TASK STATEMENT:
Could you retype all of the data below exactly as given?

DATA UNDER STUDY:
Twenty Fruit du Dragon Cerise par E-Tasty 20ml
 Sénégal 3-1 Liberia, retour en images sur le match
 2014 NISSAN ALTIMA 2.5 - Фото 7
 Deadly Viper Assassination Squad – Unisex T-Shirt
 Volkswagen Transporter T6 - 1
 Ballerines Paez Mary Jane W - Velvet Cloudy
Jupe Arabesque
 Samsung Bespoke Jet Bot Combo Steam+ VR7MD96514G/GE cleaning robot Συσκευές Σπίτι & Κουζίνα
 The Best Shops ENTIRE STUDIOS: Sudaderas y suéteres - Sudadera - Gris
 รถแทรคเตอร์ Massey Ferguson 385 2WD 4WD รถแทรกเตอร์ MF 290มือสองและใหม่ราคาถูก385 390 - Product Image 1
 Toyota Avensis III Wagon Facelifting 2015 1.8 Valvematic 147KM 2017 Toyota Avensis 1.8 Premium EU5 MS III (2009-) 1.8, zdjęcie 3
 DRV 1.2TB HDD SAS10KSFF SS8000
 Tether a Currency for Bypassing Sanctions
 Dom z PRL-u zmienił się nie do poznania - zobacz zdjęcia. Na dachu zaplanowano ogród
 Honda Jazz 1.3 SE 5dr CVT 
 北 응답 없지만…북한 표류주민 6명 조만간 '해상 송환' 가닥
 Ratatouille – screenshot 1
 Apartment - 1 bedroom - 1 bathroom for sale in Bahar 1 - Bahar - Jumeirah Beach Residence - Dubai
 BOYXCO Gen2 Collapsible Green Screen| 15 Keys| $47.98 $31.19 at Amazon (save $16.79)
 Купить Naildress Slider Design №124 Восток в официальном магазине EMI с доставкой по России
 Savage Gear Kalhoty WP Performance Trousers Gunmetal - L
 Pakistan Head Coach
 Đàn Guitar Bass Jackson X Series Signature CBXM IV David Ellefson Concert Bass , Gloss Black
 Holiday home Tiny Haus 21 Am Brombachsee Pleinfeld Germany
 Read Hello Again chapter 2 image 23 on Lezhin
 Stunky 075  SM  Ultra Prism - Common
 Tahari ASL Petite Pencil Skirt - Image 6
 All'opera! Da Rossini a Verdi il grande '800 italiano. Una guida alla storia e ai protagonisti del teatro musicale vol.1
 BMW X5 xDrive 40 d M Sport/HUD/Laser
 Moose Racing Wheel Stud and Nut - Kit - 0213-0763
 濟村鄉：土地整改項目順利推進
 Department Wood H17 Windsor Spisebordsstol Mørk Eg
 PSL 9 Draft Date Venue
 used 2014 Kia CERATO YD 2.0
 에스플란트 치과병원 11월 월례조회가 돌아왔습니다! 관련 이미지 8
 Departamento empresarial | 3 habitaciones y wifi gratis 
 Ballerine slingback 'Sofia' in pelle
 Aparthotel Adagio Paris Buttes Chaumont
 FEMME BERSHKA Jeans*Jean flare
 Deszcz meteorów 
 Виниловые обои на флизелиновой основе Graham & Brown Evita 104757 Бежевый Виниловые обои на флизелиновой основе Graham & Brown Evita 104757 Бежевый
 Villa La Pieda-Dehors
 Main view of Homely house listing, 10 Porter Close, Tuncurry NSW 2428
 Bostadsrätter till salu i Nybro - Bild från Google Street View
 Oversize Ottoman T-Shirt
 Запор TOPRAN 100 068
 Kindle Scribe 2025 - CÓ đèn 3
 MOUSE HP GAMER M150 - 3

PROBLEM SOLUTION:
Twenty Fruit du Dragon Cerise par E-Tasty 20ml
 Sénégal 3-1 Liberia, retour en images sur le match
 2014 NISSAN ALTIMA 2.5 - Фото 7
 Deadly Viper Assassination Squad – Unisex T-Shirt
 Volkswagen Transporter T6 - 1
 Ballerines Paez Mary Jane W - Velvet Cloudy
Jupe Arabesque
 Samsung Bespoke Jet Bot Combo Steam+ VR7MD96514G/GE cleaning robot Συσκευές Σπίτι & Κουζίνα
 The Best Shops ENTIRE STUDIOS: Sudaderas y suéteres - Sudadera - Gris
 รถแทรคเตอร์ Massey Ferguson 385 2WD 4WD รถแทรกเตอร์ MF 290มือสองและใหม่ราคาถูก385 390 - Product Image 1
 Toyota Avensis III Wagon Facelifting 2015 1.8 Valvematic 147KM 2017 Toyota Avensis 1.8 Premium EU5 MS III (2009-) 1.8, zdjęcie 3
 DRV 1.2TB HDD SAS10KSFF SS8000
 Tether a Currency for Bypassing Sanctions
 Dom z PRL-u zmienił się nie do poznania - zobacz zdjęcia. Na dachu zaplanowano ogród
 Honda Jazz 1.3 SE 5dr CVT 
 北 응답 없지만…북한 표류주민 6명 조만간 '해상 송환' 가닥
 Ratatouille – screenshot 1
 Apartment - 1 bedroom - 1 bathroom for sale in Bahar 1 - Bahar - Jumeirah Beach Residence - Dubai
 BOYXCO Gen2 Collapsible Green Screen| 15 Keys| $47.98 $31.19 at Amazon (save $16.79)
 Купить Naildress Slider Design №124 Восток в официальном магазине EMI с доставкой по России
 Savage Gear Kalhoty WP Performance Trousers Gunmetal - L
 Pakistan Head Coach
 Đàn Guitar Bass Jackson X Series Signature CBXM IV David Ellefson Concert Bass , Gloss Black
 Holiday home Tiny Haus 21 Am Brombachsee Pleinfeld Germany
 Read Hello Again chapter 2 image 23 on Lezhin
 Stunky 075  SM  Ultra Prism - Common
 Tahari ASL Petite Pencil Skirt - Image 6
 All'opera! Da Rossini a Verdi il grande '800 italiano. Una guida alla storia e ai protagonisti del teatro musicale vol.1
 BMW X5 xDrive 40 d M Sport/HUD/Laser
 Moose Racing Wheel Stud and Nut - Kit - 0213-0763
 濟村鄉：土地整改項目順利推進
 Department Wood H17 Windsor Spisebordsstol Mørk Eg
 PSL 9 Draft Date Venue
 used 2014 Kia CERATO YD 2.0
 에스플란트 치과병원 11월 월례조회가 돌아왔습니다! 관련 이미지 8
 Departamento empresarial | 3 habitaciones y wifi gratis 
 Ballerine slingback 'Sofia' in pelle
 Aparthotel Adagio Paris Buttes Chaumont
 FEMME BERSHKA Jeans*Jean flare
 Deszcz meteorów 
 Виниловые обои на флизелиновой основе Graham & Brown Evita 104757 Бежевый Виниловые обои на флизелиновой основе Graham & Brown Evita 104757 Бежевый
 Villa La Pieda-Dehors
 Main view of Homely house listing, 10 Porter Close, Tuncurry NSW 2428
 Bostadsrätter till salu i Nybro - Bild från Google Street View
 Oversize Ottoman T-Shirt
 Запор TOPRAN 100 068
 Kindle Scribe 2025 - CÓ đèn 3
 MOUSE HP GAMER M150 - 3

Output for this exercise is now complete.